Below is the code I'm using to create the zip, but it's causing an OutOfMemoryException. This code successfully compresses a file of 428MB.
Any idea why the exception is happening, as I can't see why, as my system has plenty of memory available.
public void CompressFiles(List<string> pathnames, string zipPathname)
{
try
{
using (FileStream stream = new FileStream(zipPathname, FileMode.Create, FileAccess.Write, FileShare.None))
{
using (ZipOutputStream stream2 = new ZipOutputStream(stream))
{
foreach (string str in pathnames)
{
FileStream stream3 = new FileStream(str, FileMode.Open, FileAccess.Read, FileShare.Read);
byte[] buffer = new byte[stream3.Length];
try
{
if (stream3.Read(buffer, 0, buffer.Length) != buffer.Length)
{
throw new Exception(string.Format("Error reading '{0}'.", str));
}
}
finally
{
stream3.Close();
}
ZipEntry entry = new ZipEntry(Path.GetFileName(str));
stream2.PutNextEntry(entry);
stream2.Write(buffer, 0, buffer.Length);
}
stream2.Finish();
}
}
}
catch (Exception)
{
File.Delete(zipPathname);
throw;
}
}
You're trying to create a buffer as big as the file.
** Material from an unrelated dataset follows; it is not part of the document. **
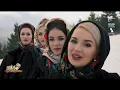 Download Lagu Suzana și Daciana Vlad, Iulia Bucur, Florina Oprea-Sub fereastră la om bun-Neatza cu Razvan și Dani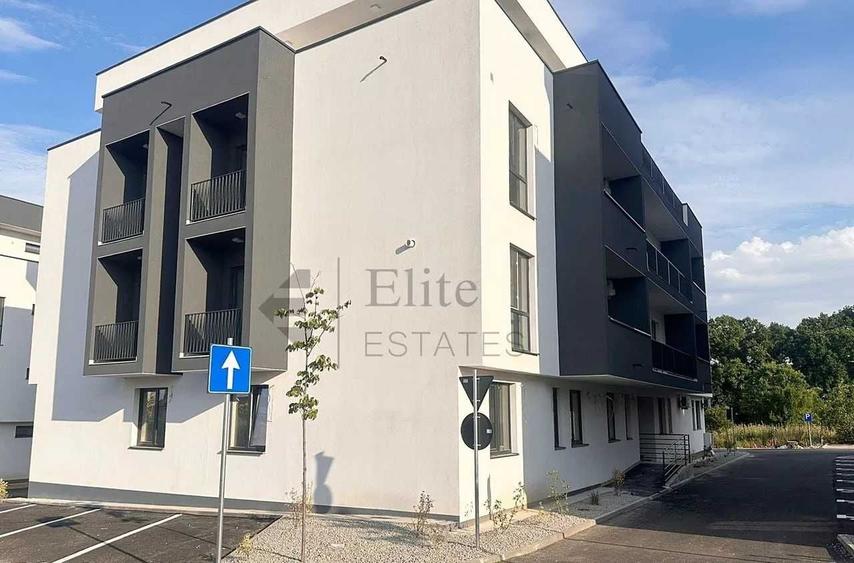 Apartament cu 2 camere decomandat în Sânmartin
Instead, make the buffer a fixed size, read some bytes into it, and write the number of read bytes into the zip file.
Here's your code with a buffer of 4096 bytes (and some cleanup):
public static void CompressFiles(List<string> pathnames, string zipPathname)
{
const int BufferSize = 4096;
byte[] buffer = new byte[BufferSize];
try
{
using (FileStream stream = new FileStream(zipPathname,
FileMode.Create, FileAccess.Write, FileShare.None))
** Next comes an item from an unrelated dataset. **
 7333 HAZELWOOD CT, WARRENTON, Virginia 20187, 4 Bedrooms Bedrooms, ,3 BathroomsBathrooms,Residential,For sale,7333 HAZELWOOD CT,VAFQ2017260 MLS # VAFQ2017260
using (ZipOutputStream stream2 = new ZipOutputStream(stream))
{
foreach (string str in pathnames)
{
using (FileStream stream3 = new FileStream(str,
FileMode.Open, FileAccess.Read, FileShare.Read))
{
ZipEntry entry = new ZipEntry(Path.GetFileName(str));
stream2.PutNextEntry(entry);
int read;
while ((read = stream3.Read(buffer, 0, buffer.Length)) > 0)
{
stream2.Write(buffer, 0, read);
}
}
}
stream2.Finish();
}
}
catch (Exception)
{
File.Delete(zipPathname);
throw;
}
}
Especially note this block:
const int BufferSize = 4096;
byte[] buffer = new byte[BufferSize];
// ...
int read;
while ((read = stream3.Read(buffer, 0, buffer.Length)) > 0)
{
stream2.Write(buffer, 0, read);
}
This reads bytes into buffer. When there are no more bytes, the Read() method returns 0, so that's when we stop. When Read() succeeds, we can be sure there is some data in the buffer but we don't know how many bytes. The whole buffer might be filled, or just a small portion of it. Therefore, we use the number of read bytes read to determine how many bytes to write to the ZipOutputStream.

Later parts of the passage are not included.